AVAILABLE DATA Start Marker

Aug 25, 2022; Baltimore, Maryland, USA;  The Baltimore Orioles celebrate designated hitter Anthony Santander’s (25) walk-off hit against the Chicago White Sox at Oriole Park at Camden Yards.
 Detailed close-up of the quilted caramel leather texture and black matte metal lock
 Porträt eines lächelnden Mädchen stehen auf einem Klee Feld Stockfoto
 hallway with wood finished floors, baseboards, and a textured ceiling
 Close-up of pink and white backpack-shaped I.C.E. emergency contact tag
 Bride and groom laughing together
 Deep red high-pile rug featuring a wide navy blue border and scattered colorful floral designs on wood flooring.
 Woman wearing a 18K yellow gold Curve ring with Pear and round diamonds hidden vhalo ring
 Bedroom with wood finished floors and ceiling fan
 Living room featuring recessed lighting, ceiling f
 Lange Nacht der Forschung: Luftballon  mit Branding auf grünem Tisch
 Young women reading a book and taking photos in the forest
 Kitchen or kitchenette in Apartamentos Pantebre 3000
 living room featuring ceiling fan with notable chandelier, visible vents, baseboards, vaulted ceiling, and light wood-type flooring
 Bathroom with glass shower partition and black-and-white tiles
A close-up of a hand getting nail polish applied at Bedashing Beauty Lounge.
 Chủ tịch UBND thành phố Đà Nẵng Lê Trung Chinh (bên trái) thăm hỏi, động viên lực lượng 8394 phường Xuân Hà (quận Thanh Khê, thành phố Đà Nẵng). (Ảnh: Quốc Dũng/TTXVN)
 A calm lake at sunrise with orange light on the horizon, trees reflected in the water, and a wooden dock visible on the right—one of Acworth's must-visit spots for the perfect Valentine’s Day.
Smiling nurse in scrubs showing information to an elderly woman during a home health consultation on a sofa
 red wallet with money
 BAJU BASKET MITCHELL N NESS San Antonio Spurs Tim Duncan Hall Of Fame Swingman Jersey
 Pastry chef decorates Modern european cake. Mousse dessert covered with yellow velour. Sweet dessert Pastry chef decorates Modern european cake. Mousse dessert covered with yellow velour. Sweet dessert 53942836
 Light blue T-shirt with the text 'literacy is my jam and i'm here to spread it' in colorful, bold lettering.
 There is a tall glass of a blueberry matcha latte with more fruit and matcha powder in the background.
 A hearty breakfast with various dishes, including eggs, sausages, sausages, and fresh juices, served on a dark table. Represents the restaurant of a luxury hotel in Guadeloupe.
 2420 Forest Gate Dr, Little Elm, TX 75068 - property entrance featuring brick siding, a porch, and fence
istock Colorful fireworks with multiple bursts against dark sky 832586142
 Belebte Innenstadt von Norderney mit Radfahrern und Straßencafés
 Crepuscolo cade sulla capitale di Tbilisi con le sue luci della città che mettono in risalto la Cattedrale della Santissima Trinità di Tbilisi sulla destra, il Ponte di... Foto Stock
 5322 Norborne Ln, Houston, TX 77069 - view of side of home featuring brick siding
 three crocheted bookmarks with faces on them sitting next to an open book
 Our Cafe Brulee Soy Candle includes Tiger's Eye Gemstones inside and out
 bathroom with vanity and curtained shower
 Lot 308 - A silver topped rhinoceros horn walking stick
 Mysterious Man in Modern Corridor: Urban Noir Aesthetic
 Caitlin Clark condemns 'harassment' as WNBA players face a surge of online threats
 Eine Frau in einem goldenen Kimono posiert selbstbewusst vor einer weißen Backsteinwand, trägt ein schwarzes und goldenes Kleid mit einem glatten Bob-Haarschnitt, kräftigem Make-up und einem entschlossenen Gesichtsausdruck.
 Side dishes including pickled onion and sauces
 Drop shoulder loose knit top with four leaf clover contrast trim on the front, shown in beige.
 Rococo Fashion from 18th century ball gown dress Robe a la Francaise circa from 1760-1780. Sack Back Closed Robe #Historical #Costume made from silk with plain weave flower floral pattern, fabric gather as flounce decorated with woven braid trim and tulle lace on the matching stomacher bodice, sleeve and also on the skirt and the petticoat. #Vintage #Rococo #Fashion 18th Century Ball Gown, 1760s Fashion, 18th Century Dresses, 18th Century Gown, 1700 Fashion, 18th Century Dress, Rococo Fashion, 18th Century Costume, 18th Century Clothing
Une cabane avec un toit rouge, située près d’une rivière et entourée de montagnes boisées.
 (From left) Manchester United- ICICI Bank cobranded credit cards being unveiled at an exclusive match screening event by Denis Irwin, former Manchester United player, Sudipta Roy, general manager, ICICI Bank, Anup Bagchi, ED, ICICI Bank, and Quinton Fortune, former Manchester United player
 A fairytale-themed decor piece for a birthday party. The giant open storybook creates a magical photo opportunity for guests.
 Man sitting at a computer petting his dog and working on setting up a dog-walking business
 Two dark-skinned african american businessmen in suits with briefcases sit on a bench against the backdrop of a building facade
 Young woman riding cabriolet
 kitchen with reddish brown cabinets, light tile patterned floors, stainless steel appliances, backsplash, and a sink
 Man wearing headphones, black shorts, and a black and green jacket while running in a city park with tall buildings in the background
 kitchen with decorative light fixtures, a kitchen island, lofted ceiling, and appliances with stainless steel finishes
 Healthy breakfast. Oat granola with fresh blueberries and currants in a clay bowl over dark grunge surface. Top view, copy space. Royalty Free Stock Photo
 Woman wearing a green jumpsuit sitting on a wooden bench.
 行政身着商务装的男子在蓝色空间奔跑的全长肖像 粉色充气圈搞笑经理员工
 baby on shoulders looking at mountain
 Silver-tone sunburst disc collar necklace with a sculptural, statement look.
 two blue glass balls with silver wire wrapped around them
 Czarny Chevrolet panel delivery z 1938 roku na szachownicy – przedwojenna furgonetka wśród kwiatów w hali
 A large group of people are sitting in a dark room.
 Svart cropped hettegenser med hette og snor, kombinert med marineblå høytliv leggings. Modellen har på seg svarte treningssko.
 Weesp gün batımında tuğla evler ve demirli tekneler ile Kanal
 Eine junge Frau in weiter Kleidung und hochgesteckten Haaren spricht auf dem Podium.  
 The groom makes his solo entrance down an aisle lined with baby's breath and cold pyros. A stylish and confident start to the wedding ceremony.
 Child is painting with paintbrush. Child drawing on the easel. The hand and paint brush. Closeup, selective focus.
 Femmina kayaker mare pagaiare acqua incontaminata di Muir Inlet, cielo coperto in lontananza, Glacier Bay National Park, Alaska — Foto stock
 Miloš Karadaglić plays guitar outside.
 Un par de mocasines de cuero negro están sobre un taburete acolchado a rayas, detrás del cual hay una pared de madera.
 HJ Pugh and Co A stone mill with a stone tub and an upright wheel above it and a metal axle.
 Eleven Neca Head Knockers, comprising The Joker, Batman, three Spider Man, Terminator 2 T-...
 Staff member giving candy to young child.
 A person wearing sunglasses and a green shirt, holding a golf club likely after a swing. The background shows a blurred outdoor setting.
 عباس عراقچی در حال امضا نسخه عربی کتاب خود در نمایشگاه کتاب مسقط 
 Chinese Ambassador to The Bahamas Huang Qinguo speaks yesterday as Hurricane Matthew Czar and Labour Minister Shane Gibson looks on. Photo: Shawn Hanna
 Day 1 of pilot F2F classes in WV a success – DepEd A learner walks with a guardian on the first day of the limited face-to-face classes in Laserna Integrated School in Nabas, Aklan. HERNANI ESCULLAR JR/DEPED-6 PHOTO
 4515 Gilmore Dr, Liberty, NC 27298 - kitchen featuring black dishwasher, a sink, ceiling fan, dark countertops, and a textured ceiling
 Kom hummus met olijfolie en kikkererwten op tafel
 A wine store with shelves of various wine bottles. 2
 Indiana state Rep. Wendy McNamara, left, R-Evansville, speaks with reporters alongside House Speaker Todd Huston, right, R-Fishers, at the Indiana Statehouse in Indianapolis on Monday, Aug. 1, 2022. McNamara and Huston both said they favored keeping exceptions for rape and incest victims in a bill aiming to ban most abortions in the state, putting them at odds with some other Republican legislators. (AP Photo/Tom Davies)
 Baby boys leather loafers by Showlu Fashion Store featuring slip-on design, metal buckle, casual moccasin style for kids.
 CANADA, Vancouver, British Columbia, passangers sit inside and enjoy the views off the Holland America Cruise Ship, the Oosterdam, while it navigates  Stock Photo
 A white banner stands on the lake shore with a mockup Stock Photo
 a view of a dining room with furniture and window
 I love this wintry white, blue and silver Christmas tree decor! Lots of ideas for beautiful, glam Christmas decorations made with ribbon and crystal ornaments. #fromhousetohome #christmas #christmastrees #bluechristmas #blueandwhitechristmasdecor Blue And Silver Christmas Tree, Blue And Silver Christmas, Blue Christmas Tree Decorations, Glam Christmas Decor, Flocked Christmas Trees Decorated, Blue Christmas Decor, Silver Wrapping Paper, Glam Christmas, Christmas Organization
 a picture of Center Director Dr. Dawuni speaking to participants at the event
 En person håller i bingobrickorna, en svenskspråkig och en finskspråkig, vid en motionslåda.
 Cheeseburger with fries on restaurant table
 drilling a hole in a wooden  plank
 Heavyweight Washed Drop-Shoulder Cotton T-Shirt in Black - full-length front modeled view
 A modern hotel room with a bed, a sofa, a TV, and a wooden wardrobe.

AVAILABLE DATA End Marker

### INSTRUCTIONS FOR THE TASK
Looking at the data above, return every line from the one with "Young women reading" down to the one with "BAJU BASKET MITCHELL", exactly and inclusively.

### WRITTEN ANSWER
 Young women reading a book and taking photos in the forest
 Kitchen or kitchenette in Apartamentos Pantebre 3000
 living room featuring ceiling fan with notable chandelier, visible vents, baseboards, vaulted ceiling, and light wood-type flooring
 Bathroom with glass shower partition and black-and-white tiles
A close-up of a hand getting nail polish applied at Bedashing Beauty Lounge.
 Chủ tịch UBND thành phố Đà Nẵng Lê Trung Chinh (bên trái) thăm hỏi, động viên lực lượng 8394 phường Xuân Hà (quận Thanh Khê, thành phố Đà Nẵng). (Ảnh: Quốc Dũng/TTXVN)
 A calm lake at sunrise with orange light on the horizon, trees reflected in the water, and a wooden dock visible on the right—one of Acworth's must-visit spots for the perfect Valentine’s Day.
Smiling nurse in scrubs showing information to an elderly woman during a home health consultation on a sofa
 red wallet with money
 BAJU BASKET MITCHELL N NESS San Antonio Spurs Tim Duncan Hall Of Fame Swingman Jersey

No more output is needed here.